» COLLECTED DATA:
*** Block opens ***
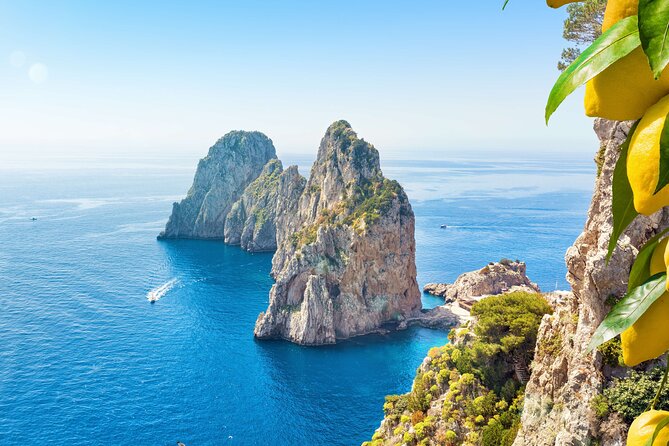 Capri Island Boat Tour from Amalfi with Snorkeling | Small Group - Final thoughts on the Capri Island Boat Tour from Amalfi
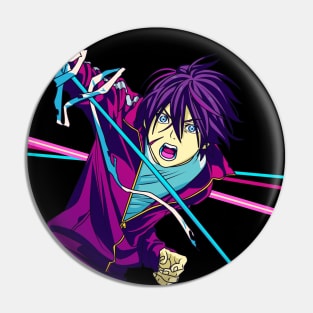 noragami Pin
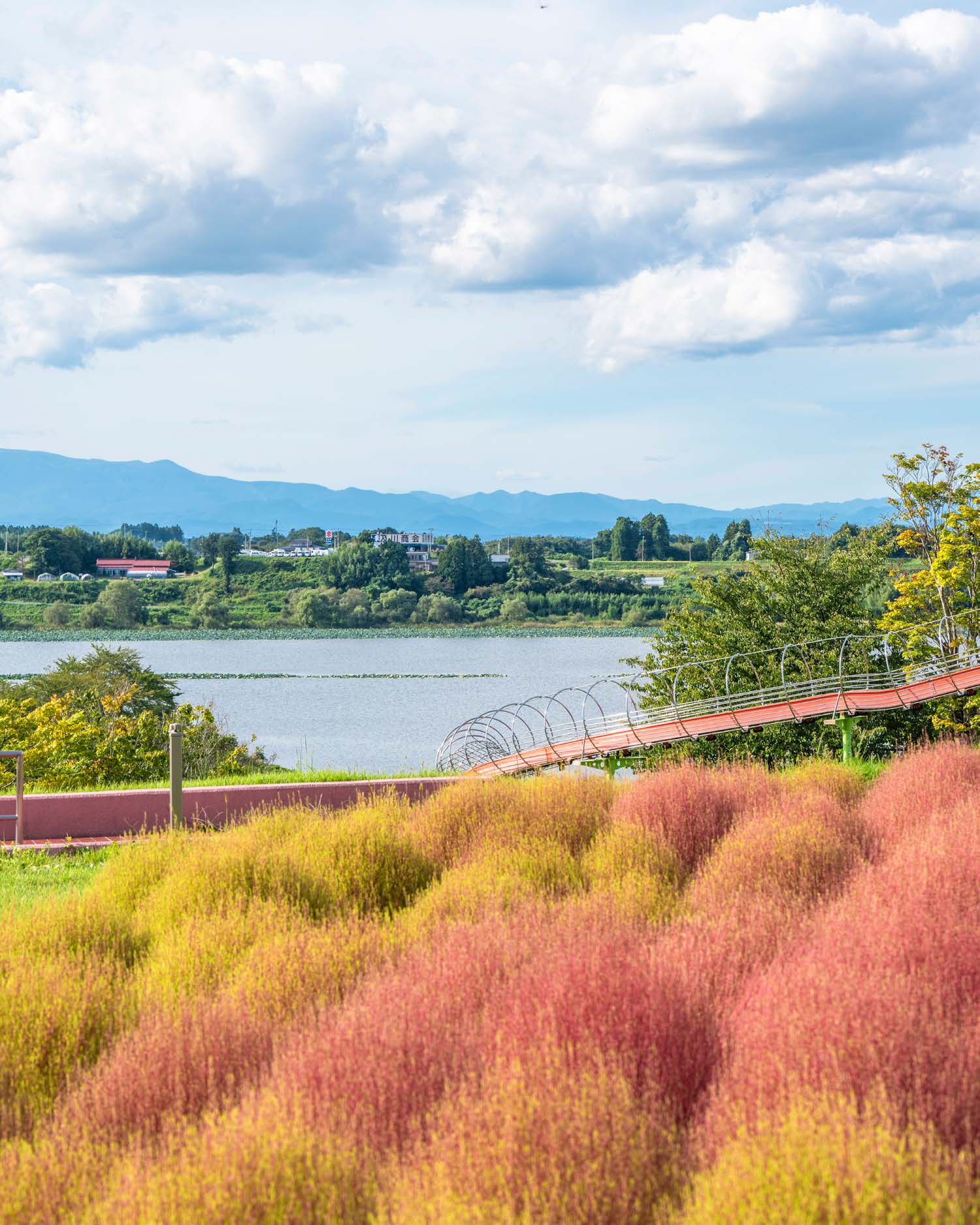 No.100107 長沼フートピア公園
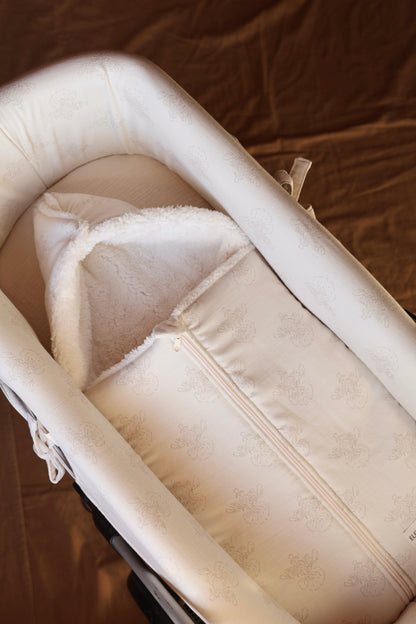 Saco Capazo René + Borreguito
*** Block closes ***
Make an exact copy of the data, leaving its pictures out.

» ANSWER FOR THIS EXERCISE:
 Capri Island Boat Tour from Amalfi with Snorkeling | Small Group - Final thoughts on the Capri Island Boat Tour from Amalfi
 noragami Pin
 No.100107 長沼フートピア公園
 Saco Capazo René + Borreguito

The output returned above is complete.